You probably can't go into any details, but can you describe the rough approach R-01 is taking? Is it based on some existing paper or something completely new?
He has a white paper (understandably vague) on the site: http://www.simmachines.com/resources/whitePaper.pdf

It does sound interesting. These metric-space based methods usually make poor use of caches at all levels (random access). So while they may indeed access only <10% of objects in the index, they can nevertheless be slower than a simple, cache-happy linear scan (given a simple enough distance function).

I wonder how that last example -- 120M strings in RAM, 5-NN search -- compares against an optimized linear scan?

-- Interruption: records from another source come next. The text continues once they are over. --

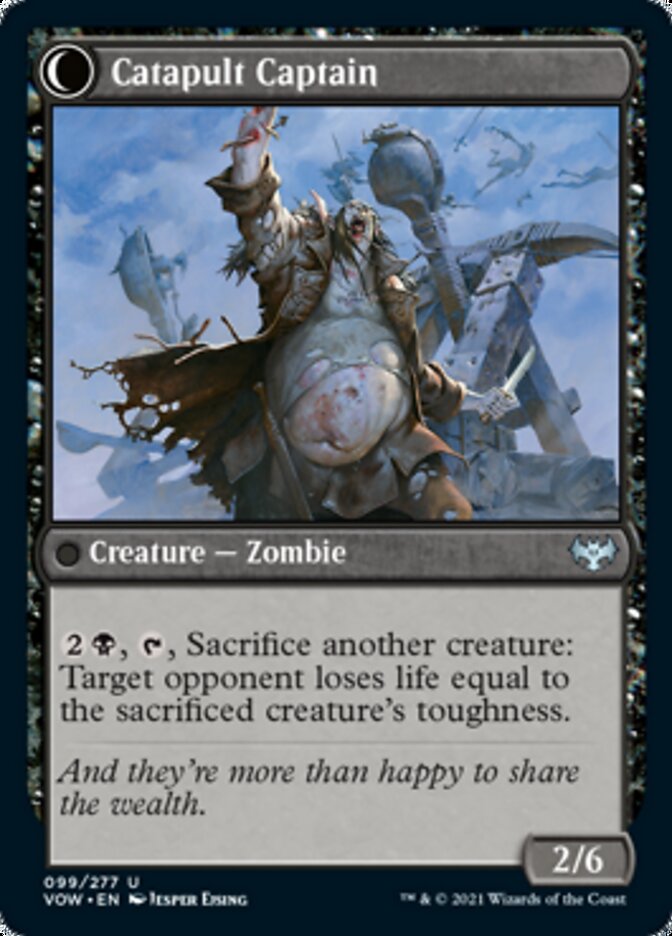 Catapult Fodder // Catapult Captain [Innistrad: Crimson Vow] | Good Games Modbury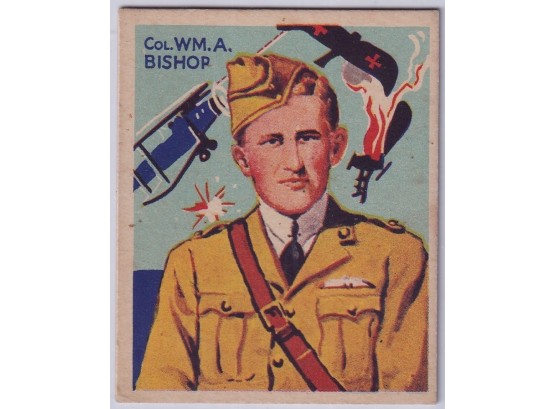 1934 National  Chicle Col. William A. Bishop Skybirds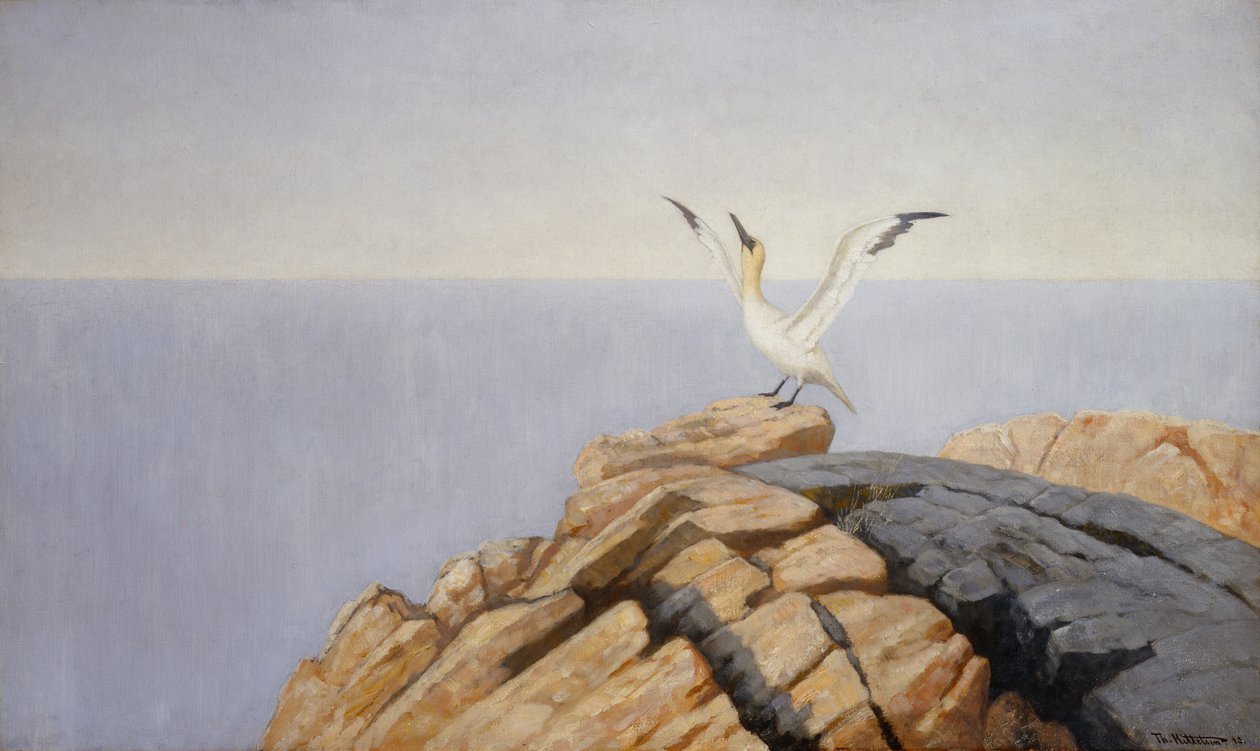 Sola morska autorstwa Theodor Kittelsen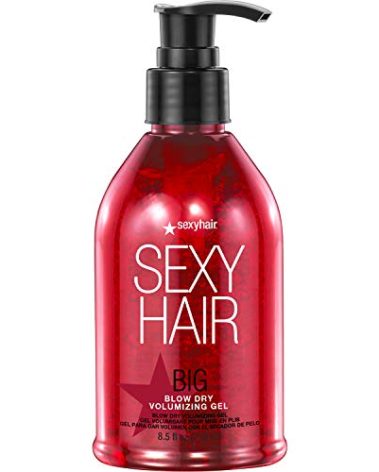 SexyHair Big Blow Dry Volumizing Gel| Added Volume with Hold | Up to 72 Hours of Humidity Resistance | All Hair Types, 8.5 Fl Oz (Pack of 1)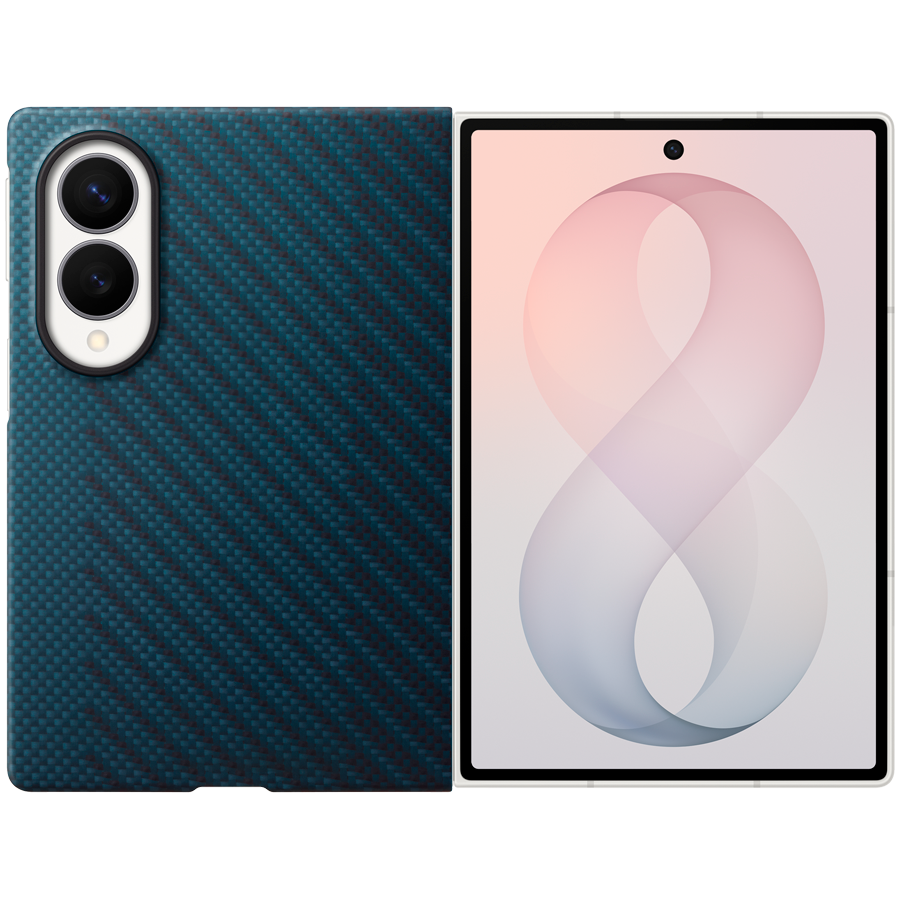 Samsung Galaxy Fold8 Carbon Magnet Case Navy - Image 2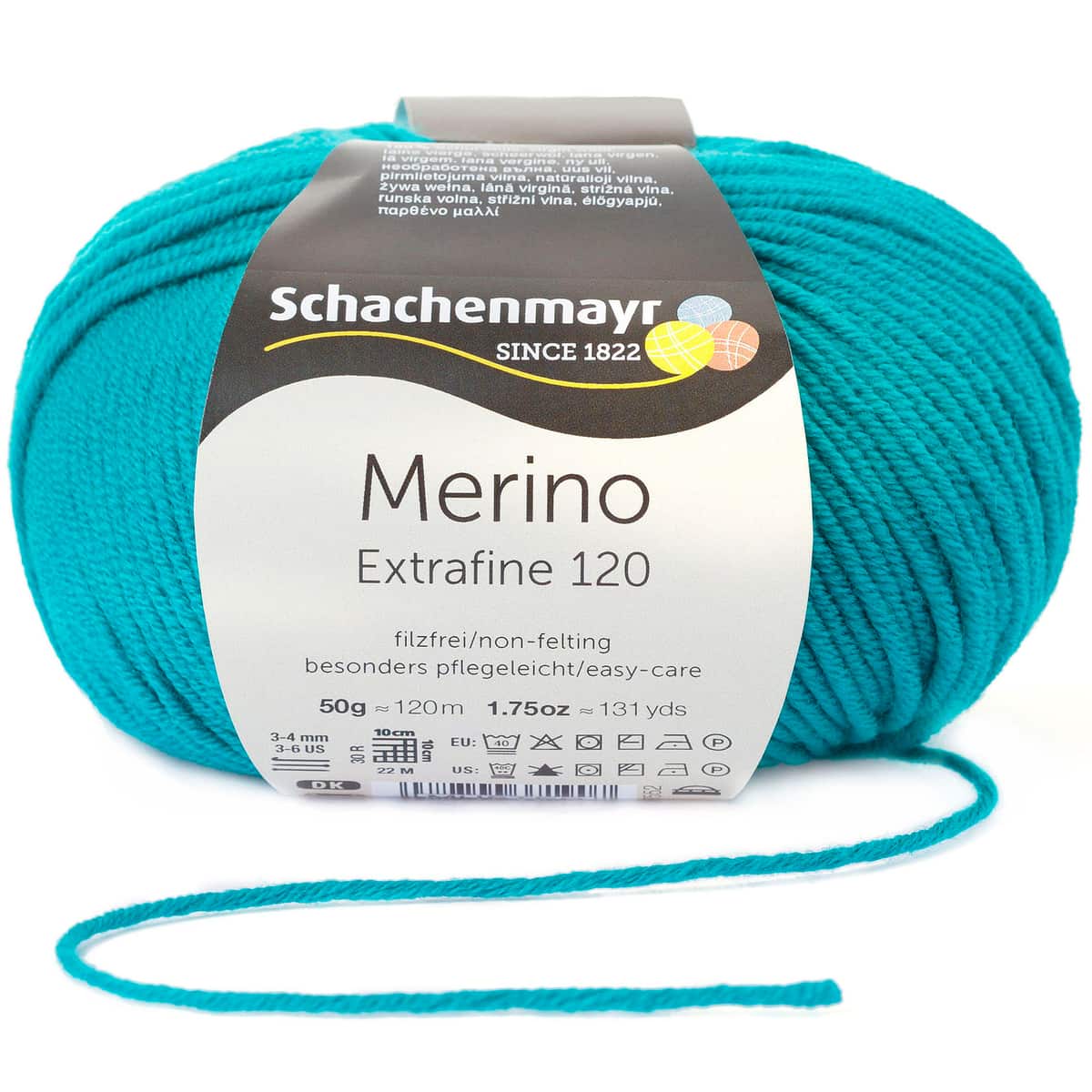 Merino Extrafine 120 /Schachenmayr/ 50g #00177 "Smaragds"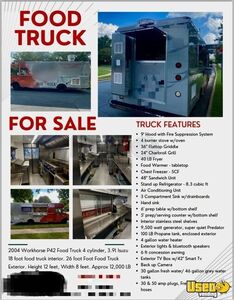 2004 P42 Kitchen Food Truck All-purpose Food Truck Work Table North Carolina Diesel Engine for Sale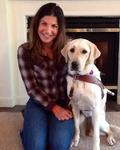 Danelle Umstead with her guide dog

EDIT: at the end of the white paper there are also several references to the author's academic articles. Apparently the method is based on speeding up sequential scans by compression ("sketches"), so there :)

I don't understand how this is related to the article. The article has to do with searching spatial data structures, such as you would make for partitioning the space of a large scene in a graphics or mapping application (or game, etc.). Maybe I'm wrong and someone could enlighten me....
It doesn't have to be for spatial data, that's just the easiest way to get N-dimensional data.

Basically, every variable in your problem becomes a dimension. You could think of grocery shopping as a 10-dimensional problem involving cost, dietary restrictions, nutritional value (we'll say there are 7 for this example) and brand preference. You could potentially use a VP tree to search for all products that fall within a 10-D sphere that encodes your product tolerance.

3D spatial problems are just three dimensions. True you can do that with VP but you can do that with octtree too.

Imagine beyond 3D like clustering of friends or likes or recommendations or all those other N-dimensional data-points and you'll see the overlap.

Right. There are plenty of cases where you ONLY have the distance (or similarity) between two points and don't actually have an n-dimensional point in space.